混乱ぱにっく


 ◇

「敵は…君かな?」

 そう言いながら、海色の瞳と目が合った。あ、こいつ混乱してる、というのはすぐにわかった。
 直後、俺のすぐ脇に杖がブンッと振り下ろされる。

「うぉ!?」

「シノっ!」

「あわわわ…ヴェルデさんが混乱しちゃいました!」

 驚きの声を上げればミゾレとリーリャが同時に言う。…そう、今回混乱を食らったのはウォーロックのヴェルデだ。

「リーリャ!すぐにヴェルデの回復を…!」

「り、了解です!」

 即座にミゾレが指示を出す。よし、これでなんとか持ち直せる…!そう思った時。


「アハハ…アハハハハ!!」


 何か、打撃する音と共に笑い声が聞こえた。

「……え」

 声の主を見て、誰もが戸惑う。だってそれは……


 杖を片手に、何故か高笑いしているヴェルデがいたから。


(だ…誰だお前ーーーーッ!?)


 いやいやいや!?どういうことだよ、これ!
 混乱しているってのはわかっている。わかっているが……性格豹変し過ぎだろう!?いつもの爽やかなヴェルデはどこいった!

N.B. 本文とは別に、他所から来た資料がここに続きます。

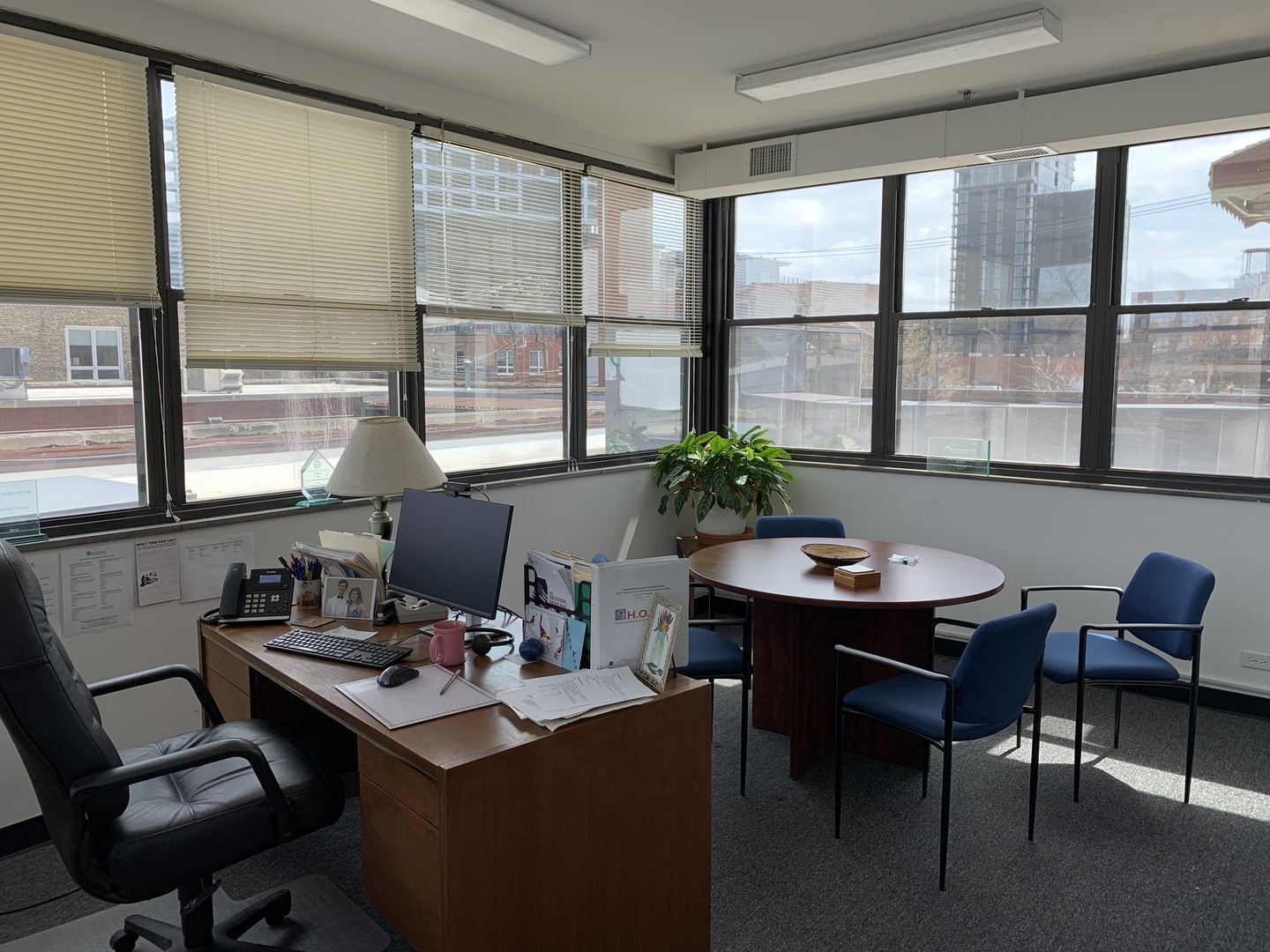 1419 West Carroll Avenue Chicago IL 60607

 今のヴェルデは…謎の高笑いしながら攻撃をしまくっている。なんだアレ、悪役?悪役じゃないか!←

「…ねぇ、アレ誰……?」

「…ヴェルデだよね…?」

 セージとミゾレが呆然としながらそんな話をしている。リーリャもポカーンとして固まっている。…無理もないよな、アレは。

 そのヴェルデはというと、まだ杖で魔物を殴打しながら、笑っている……まあ、ウォーロックだからそこまで攻撃力はない。ないが……その姿が、もう……なんか、悪役というか、ラスボスにしか見えなくなってきたんだけど←


 ……このあと、リーリャがリフレッシュハーブをして、回復させた。…どうやら混乱していた間のことは…覚えていないらしかった。






 混乱ぱにっく




(なあヴェルデ、お前…混乱したら…その、悪役だな)


(はい!?)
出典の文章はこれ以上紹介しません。